Patient Education Blog

Two Things Physicians Should Avoid

Stephan Moll, MD writes (Dec 17, 2014)…  The American Society of Hematology (ASH) published last week two things that physicians dealing with DVT, PE and blood thinners should avoid [ref 1].



The Choosing Wisely® campaign is a quality improvement initiative of the ABIM (American Board of Internal Medicine) Foundation. The goal of this initiative is to (a) identify tests and medical practices that are not supported by evidence and that may lead to adverse outcomes and financial costs and (b) encourage physicians and patients to question such tests, procedures and treatments.

ASH joined the Choosing Wisely® campaign and in 2013 identified five hematologic topics for this campaign, three of which dealt with DVT, PE and anticoagulants [ref 1] – these have previously been discussed on Clot Connect (link here).  Five additional topics were identified this year, two of which deal with thrombosis topics [ref 2].



1.    Length of Blood Thinner Therapy for DVT and PE

  • ASH recommendation: “Do not treat with a blood thinner for more than 3 months in a patient with a first DVT or PE occurring in the setting of a major transient risk factor”.
  • Comments: This recommendation is in keeping with existing evidence-based guidelines. A “major risk factor” is considered to be major surgery, such as hip or knee replacement, pelvic or abdominal surgery, or major trauma or long-term (several days) of bed-ridden state. This ASH Choosing Wisely® recommendation to treat for only 3 months does NOT necessarily apply to patients whose DVT or PE was triggered by a minor risk factor (such as contraceptives, estrogen replacement therapy or pregnancy, minor surgery, minor immobility such as long-distance travel) or occurred completely out of the blue without any triggering factor. The risk of another clot may be higher in these patients and longer treatment with blood thinners may be appropriate in such patients’ individualized treatment decisions need to be made. Therefore, the Choosing Wisely® recommendation to treat for no-longer than 3 months is referring only to DVT or PE associated with a major transient risk factor.
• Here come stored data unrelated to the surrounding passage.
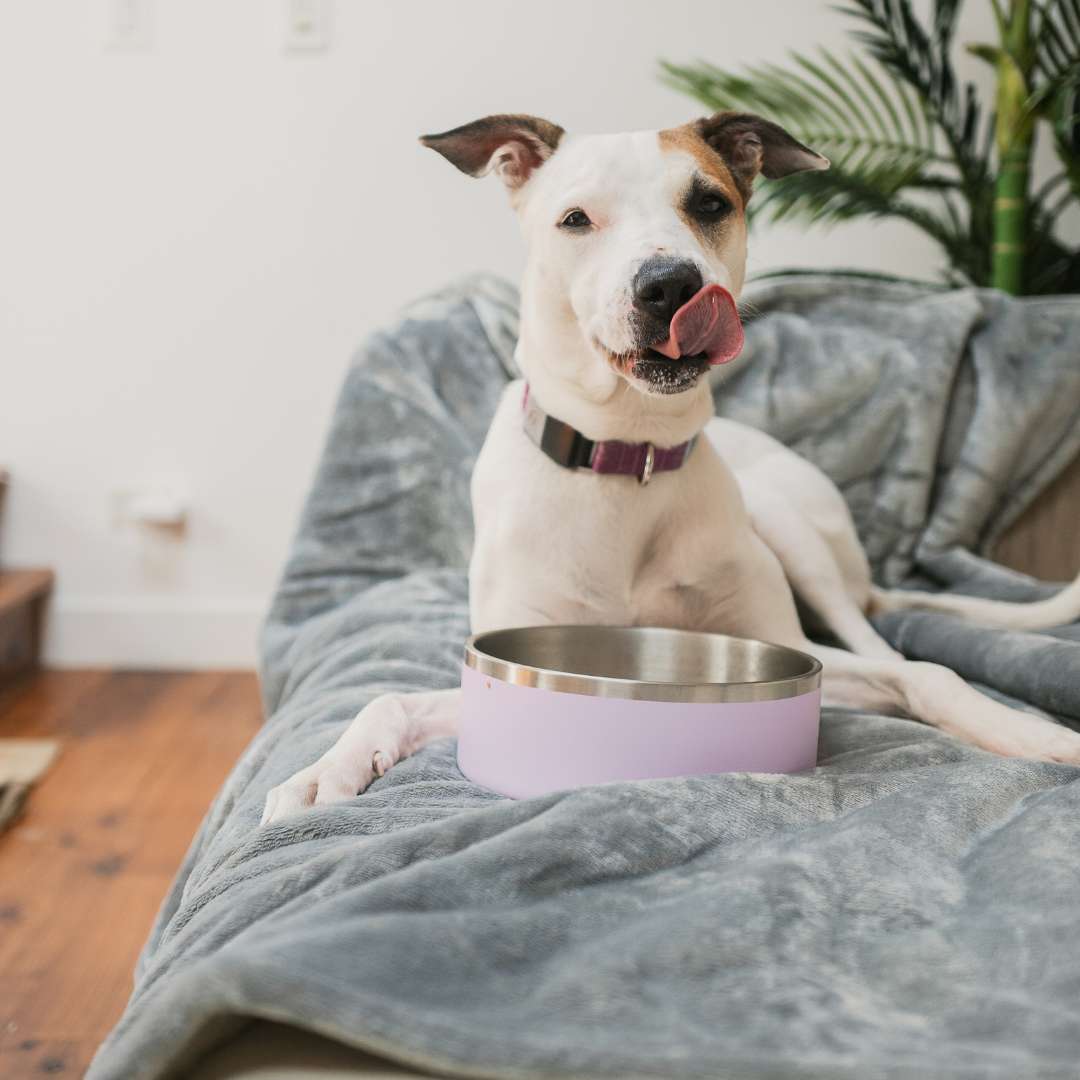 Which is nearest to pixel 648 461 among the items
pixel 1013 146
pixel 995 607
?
pixel 995 607

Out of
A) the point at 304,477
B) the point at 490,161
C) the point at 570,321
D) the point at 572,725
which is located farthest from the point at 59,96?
the point at 572,725

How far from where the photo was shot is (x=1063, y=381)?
7.30 ft

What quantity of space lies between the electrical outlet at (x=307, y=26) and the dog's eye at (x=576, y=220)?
2149 millimetres

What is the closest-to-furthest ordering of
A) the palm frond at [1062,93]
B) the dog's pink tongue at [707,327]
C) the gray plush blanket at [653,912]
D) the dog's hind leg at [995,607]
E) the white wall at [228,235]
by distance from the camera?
the gray plush blanket at [653,912]
the dog's pink tongue at [707,327]
the dog's hind leg at [995,607]
the palm frond at [1062,93]
the white wall at [228,235]

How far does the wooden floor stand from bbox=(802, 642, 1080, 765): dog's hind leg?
106 centimetres

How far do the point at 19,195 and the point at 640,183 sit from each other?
255 centimetres

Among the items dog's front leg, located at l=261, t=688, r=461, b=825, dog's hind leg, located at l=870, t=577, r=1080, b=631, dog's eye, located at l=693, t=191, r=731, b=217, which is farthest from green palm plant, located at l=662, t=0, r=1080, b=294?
dog's front leg, located at l=261, t=688, r=461, b=825

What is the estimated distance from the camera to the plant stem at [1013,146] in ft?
Result: 8.38

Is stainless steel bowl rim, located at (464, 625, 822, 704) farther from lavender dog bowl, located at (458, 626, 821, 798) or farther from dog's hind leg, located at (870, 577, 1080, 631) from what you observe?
dog's hind leg, located at (870, 577, 1080, 631)

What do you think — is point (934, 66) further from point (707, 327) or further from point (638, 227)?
point (707, 327)

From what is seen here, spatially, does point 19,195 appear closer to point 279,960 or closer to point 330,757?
point 330,757

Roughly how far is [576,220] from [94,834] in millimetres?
1518

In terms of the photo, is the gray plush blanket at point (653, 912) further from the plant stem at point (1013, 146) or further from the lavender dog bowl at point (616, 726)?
the plant stem at point (1013, 146)

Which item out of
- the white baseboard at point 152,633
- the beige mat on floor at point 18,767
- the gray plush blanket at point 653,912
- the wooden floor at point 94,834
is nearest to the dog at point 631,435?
the gray plush blanket at point 653,912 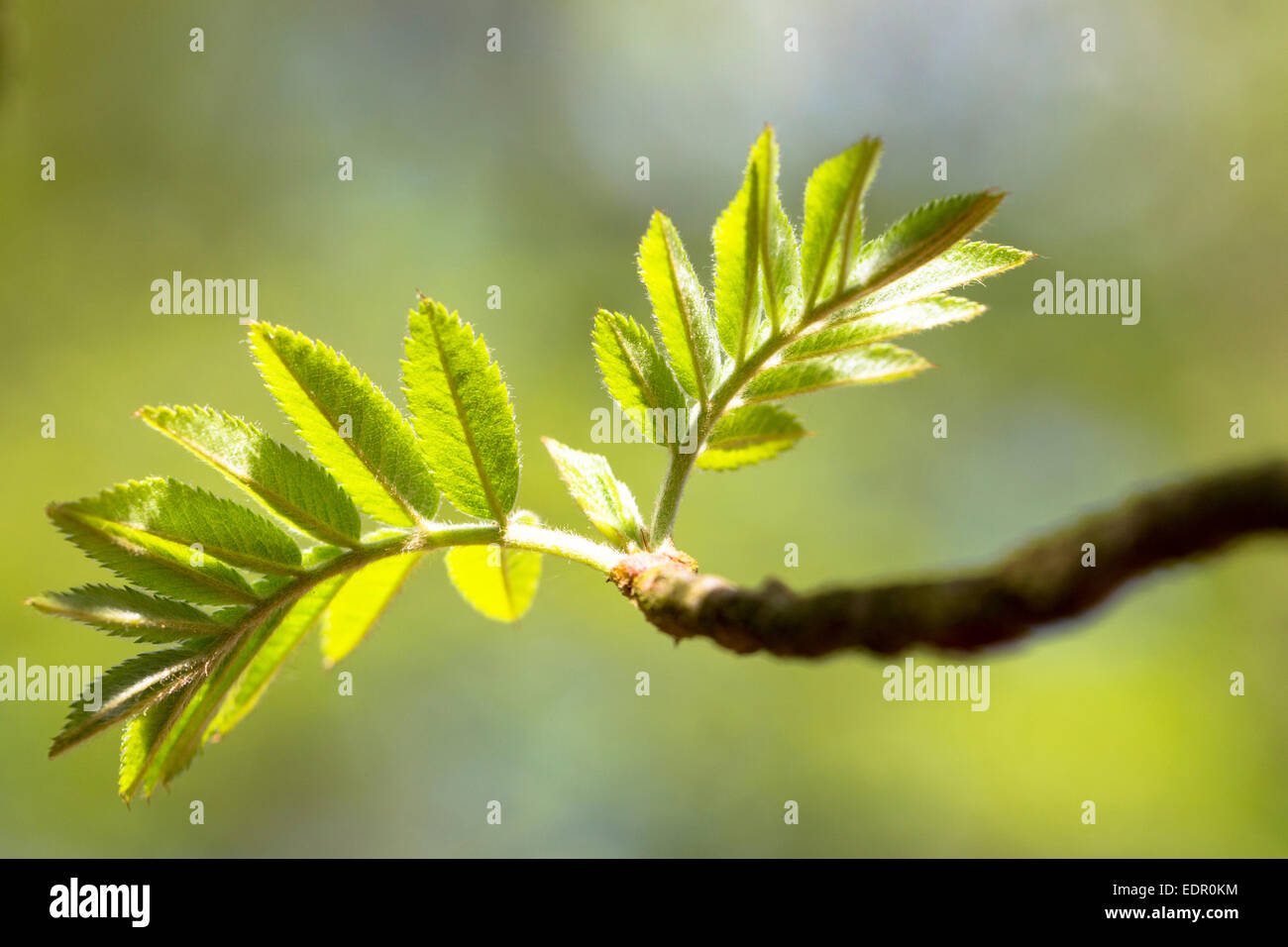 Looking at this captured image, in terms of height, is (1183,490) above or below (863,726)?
above

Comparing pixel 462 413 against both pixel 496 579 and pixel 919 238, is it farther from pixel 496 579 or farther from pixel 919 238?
pixel 919 238

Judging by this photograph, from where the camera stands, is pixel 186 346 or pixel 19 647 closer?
pixel 19 647

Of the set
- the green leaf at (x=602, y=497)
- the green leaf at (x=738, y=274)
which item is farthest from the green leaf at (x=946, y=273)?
the green leaf at (x=602, y=497)

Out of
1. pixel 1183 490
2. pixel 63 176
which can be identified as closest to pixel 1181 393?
pixel 1183 490

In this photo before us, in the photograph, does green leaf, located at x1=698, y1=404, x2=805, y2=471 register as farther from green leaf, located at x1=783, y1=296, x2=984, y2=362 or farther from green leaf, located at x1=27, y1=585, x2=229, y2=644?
green leaf, located at x1=27, y1=585, x2=229, y2=644

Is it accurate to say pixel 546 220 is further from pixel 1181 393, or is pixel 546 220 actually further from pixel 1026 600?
pixel 1026 600

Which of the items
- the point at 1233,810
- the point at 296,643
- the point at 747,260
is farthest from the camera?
the point at 1233,810

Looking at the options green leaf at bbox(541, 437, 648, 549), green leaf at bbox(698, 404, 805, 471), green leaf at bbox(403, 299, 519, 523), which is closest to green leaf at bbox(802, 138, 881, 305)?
green leaf at bbox(698, 404, 805, 471) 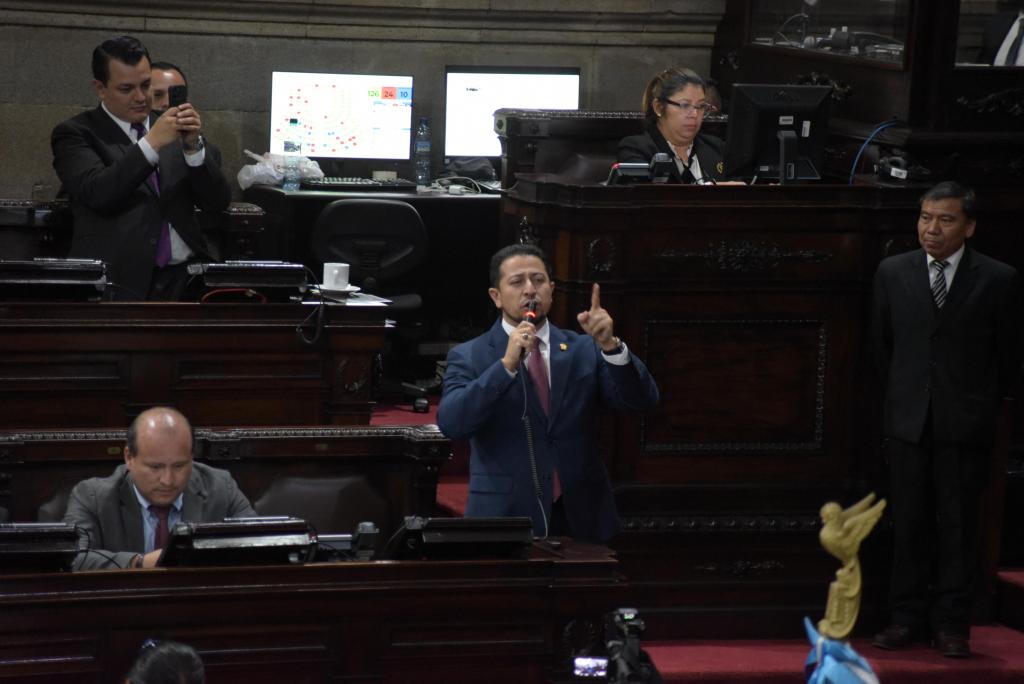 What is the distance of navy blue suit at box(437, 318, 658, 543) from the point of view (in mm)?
4625

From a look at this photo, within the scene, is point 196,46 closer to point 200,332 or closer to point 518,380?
point 200,332

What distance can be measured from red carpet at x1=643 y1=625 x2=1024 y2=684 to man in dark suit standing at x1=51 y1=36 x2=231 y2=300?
2.22 metres

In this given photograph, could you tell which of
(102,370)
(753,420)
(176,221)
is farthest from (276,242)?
(753,420)

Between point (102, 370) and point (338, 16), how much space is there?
371cm

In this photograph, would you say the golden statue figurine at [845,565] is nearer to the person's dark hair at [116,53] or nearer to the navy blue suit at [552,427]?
the navy blue suit at [552,427]

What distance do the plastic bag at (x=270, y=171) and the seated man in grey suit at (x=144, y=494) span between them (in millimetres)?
4175

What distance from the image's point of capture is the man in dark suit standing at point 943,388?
215 inches

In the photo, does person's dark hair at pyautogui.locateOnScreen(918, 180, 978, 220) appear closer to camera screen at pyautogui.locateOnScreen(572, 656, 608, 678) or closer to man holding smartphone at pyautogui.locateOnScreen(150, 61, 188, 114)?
camera screen at pyautogui.locateOnScreen(572, 656, 608, 678)

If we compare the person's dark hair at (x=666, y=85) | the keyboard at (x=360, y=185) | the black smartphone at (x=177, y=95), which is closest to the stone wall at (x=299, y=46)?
the keyboard at (x=360, y=185)

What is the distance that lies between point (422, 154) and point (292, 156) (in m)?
0.70

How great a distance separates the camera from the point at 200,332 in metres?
5.68

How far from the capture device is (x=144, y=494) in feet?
14.0

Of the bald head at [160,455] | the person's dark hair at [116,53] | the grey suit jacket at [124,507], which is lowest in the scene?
the grey suit jacket at [124,507]

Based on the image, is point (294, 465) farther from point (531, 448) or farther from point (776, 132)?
point (776, 132) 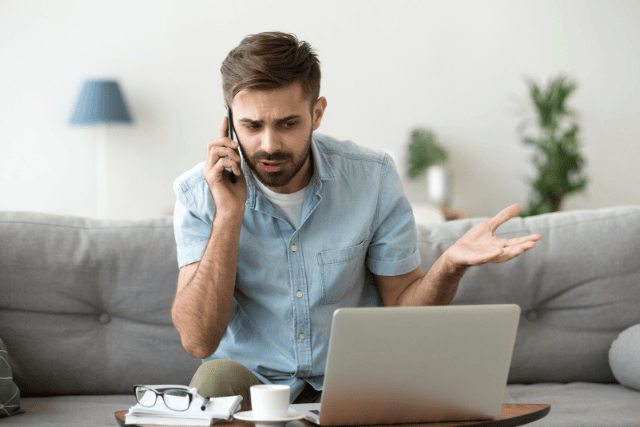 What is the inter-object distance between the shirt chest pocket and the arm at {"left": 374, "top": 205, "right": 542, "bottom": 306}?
10 centimetres

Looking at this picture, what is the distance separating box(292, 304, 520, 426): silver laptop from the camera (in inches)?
29.8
2.    Heparin-induced thrombocytopenia (HIT)

  • ASH recommendation: “Do not test or treat for suspected heparin-induced thrombocytopenia (HIT) in patients with a low pre-test probability of HIT”.
  • Comment: This recommendation when to test or treat for the heparin “allergy” called HIT is relevant for hospital clinicians, but not for , as they are not involved in this decision process.  Thus, the topic is not discussed here, but rather in the health care professional blog (link here).



  1. Hicks LK et al. Five hematologic tests and treatments to question. Blood 2013, Dec 4;124(24):3524-8.
  2. Hicks LK et al. Five hematologic tests and treatments to question. Hematology 2014:599-603.
  3. Kearon C et al. Antithrombotic Therapy for VTE Disease Antithrombotic Therapy and Prevention of Thrombosis, 9th ed: American College of Chest Physicians Evidence-Based Clinical Practice Guidelines. Chest 2012; 141(2)(Suppl):e419S–e494S.
  4. Le Gal G et al. Risk of recurrent venous thromboembolism after a first oestrogen-associated episode. Data from the REVERSE cohort study. Thromb Haemost. 2010;104(3):498-503.
  5. Iorio A et al. Risk of recurrence after a first episode of symptomatic venous thromboembolism provoked by a transient risk factor: a systematic review. Arch Intern Med. 2010;170(19):1710-1716.